───── Exercise data

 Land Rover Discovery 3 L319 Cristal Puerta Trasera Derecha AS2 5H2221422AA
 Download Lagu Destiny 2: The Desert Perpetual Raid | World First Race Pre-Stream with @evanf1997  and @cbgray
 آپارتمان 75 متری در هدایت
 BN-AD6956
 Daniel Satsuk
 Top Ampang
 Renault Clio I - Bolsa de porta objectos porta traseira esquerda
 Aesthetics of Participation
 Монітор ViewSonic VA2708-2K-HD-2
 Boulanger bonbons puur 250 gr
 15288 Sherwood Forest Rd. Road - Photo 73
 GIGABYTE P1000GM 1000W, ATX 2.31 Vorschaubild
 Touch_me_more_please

──────────

| To do |
Take the line containing "Монітор ViewSonic VA2708-2K-HD-2" as the first line and the last line of the data above as the final one. Write out these lines and all between them exactly.

| Answer space |
 Монітор ViewSonic VA2708-2K-HD-2
 Boulanger bonbons puur 250 gr
 15288 Sherwood Forest Rd. Road - Photo 73
 GIGABYTE P1000GM 1000W, ATX 2.31 Vorschaubild
 Touch_me_more_please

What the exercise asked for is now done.